Ma anche questa spiegazione (che pure contiene tanta parte di verità) non risolve il mistero: ne lascia anzi intatto il nocciolo fondamentale. Se Dio è un padre amorevole, non mette alla prova i suoi figli. Per questo, nella parte centrale del libro, Giobbe non è più l'uomo paziente e rassegnato, ma l'uomo in crisi, l'uomo davanti a un Dio che dice di amarti, ma che poi sembra smentire il suo amore. Giobbe chiama in giudizio Dio stesso. E di fronte all'im­mensità di Dio ('"Dov'eri tu quando io ponevo le fonda­menta della terra?"), Giobbe si fida di Dio e gli dà credito: "Prima ti conoscevo per sentito dire, ma ora i miei occhi ti vedono" (Giobbe 38,4; 42,5).

Nella pienezza dei tempi Gesù, il Figlio di Dio, non è venuto a spiegare il dolore (e tanto meno il dolore innocen­te!) e non ha nemmeno guarito tutti (ha compiuto soltanto alcuni miracoli come aiuto alla nostra fede), ma ha condiviso - Lui l'innocente per eccellenza - tutta la nostra vita fino al limite estremo della morte. E proprio perché ha assunto pienamente la nostra situazione l'ha trasformata come via della salvezza.

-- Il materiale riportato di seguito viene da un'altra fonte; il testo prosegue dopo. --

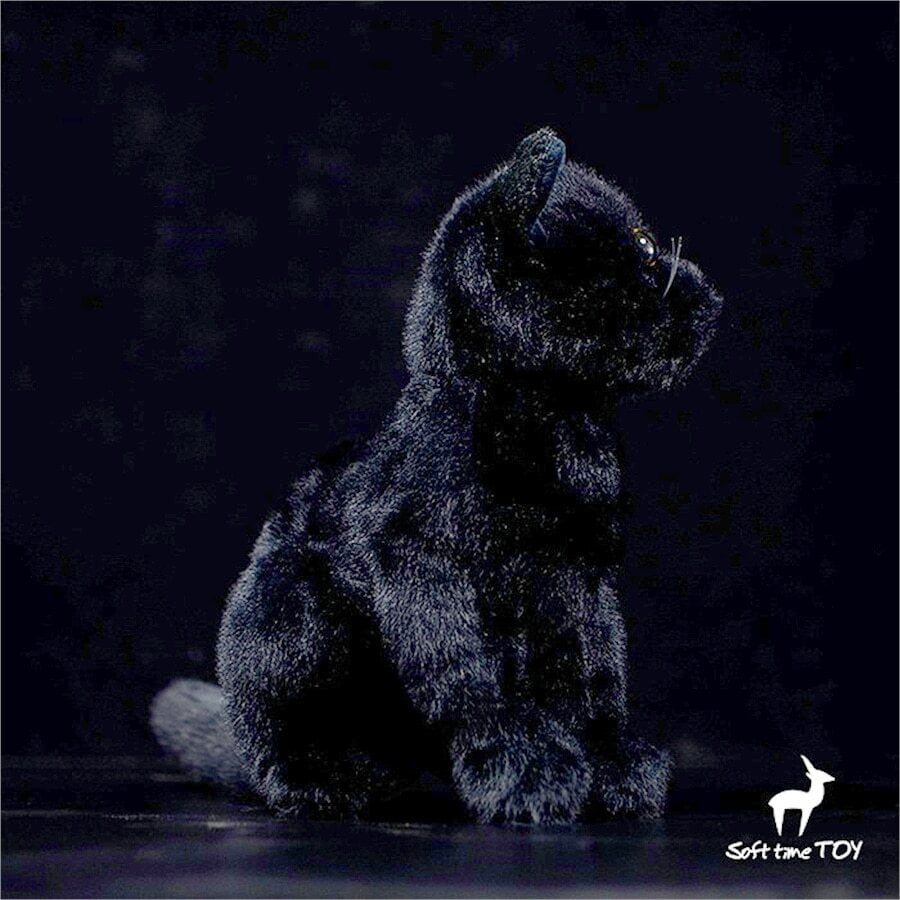 ☆黒猫☆ ぬいぐるみ・ | ぬいぐるみ専門店 くろにゃん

La croce non è più maledizione ma diventa strumento di vita nuova. Dalla morte di Gesù arriva a noi la risurrezione. Con questo esito di vita, affrontiamo il nostro e altrui dolore con un atteggiamento positivo: cerchiamo ogni strada per guarire e viviamo il nostro limite con la certezza che Gesù è con noi. Siamo vicini con chi soffre. Niente è sprecato, anche il dolore innocente in Gesù può avere un valore.